I’ve been suspiciously eyeing Cheeburger since I returned to campus a few weeks ago, and one day I decided to scope it out. I ordered the legendary pounder (a deceptive beast that actually weighs 20 ounces) and packed it with toppings that have no business sitting together atop a pound of meat. It was delicious, though it derailed my entire day once my body realized what I had done. 

The amaretto blueberry cheesecake milkshake I ordered afterward only exacerbated the problem, despite its equivalent tastiness. I was able, however, to cleanse my palate with Cheeburger’s version of Vanilla Coke. As a self-described Vanilla Coke fiend, this small touch was enough to justify the entire trip.

Despite my encouraging Cheeburger excursion, I couldn’t quite reconcile to myself the enormous differences between it and its predecessor, which had been so close to my heart. Cheeburger seems to be everything that Carousel was not. Carousel was a quintessential hole-in-the-wall, with a singularly dingy-but-delightful decor, environment and history. Cheeburger is a sparkling, glossy representative of an expanding chain — a cleverly tailored, immaculately groomed copy of a proven model. I kind of liked you, Cheeburger, but like a spurned lover stirred by a first new crush, I had to wonder if my shy feelings were a betrayal of my first love. Where wert thou, Carousel?

Then I hit upon the shared trait that drew me to both restaurants: America. Pure America. Carousel was an awkward cousin of the small-town American diner; Cheeburger is its Platonic ideal. Neither is quite right. Both are perfect. They express the intangible feeling of being in my home country — a feeling that I missed during my first summers abroad, during my first serious immersions into nations, cultures and languages that were radically, and sometimes unrecognizably, different from my own. 

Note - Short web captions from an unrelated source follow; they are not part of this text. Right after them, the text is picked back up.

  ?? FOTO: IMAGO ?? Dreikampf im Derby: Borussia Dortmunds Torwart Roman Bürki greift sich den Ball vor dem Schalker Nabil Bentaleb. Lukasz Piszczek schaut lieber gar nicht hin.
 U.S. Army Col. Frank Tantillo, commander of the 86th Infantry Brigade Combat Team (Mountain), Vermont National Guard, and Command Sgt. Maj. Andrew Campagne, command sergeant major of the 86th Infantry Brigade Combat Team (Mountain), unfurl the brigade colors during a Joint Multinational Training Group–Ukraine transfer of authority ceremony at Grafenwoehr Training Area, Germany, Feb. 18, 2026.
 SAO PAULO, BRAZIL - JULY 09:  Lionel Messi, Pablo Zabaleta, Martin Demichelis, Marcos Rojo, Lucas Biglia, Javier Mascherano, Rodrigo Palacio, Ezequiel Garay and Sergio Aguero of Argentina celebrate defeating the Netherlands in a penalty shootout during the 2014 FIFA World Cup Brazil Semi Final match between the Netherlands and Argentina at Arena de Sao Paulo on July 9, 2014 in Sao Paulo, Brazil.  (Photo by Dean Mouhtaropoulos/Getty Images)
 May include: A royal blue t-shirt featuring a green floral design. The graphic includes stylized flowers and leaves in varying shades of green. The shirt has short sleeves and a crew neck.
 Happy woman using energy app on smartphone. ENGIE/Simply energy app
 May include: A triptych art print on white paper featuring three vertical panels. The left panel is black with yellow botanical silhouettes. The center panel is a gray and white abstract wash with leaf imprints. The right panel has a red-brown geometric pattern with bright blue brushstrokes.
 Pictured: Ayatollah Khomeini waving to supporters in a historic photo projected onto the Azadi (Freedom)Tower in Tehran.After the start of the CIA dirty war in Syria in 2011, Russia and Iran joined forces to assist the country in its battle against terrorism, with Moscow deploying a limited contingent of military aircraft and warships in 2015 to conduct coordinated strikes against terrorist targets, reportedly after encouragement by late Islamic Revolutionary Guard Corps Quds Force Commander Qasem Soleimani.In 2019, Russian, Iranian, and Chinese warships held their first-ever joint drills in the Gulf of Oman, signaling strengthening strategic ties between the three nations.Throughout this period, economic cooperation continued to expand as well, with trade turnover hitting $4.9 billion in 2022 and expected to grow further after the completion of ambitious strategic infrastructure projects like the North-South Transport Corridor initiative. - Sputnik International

It would be easy to frame the transition from Carousel to Cheeburger as some kind of allegory about the dreaded expansion of homogenized commercialism, in which the David of localism slings futile rocks at the Goliath of the chain. Or perhaps it would be about the tacky consumerism of ’50s Americana and blah, blah, blah. I don’t really care. I’m enjoying my burger, nestled in the embrace of my motherland and just too content to listen.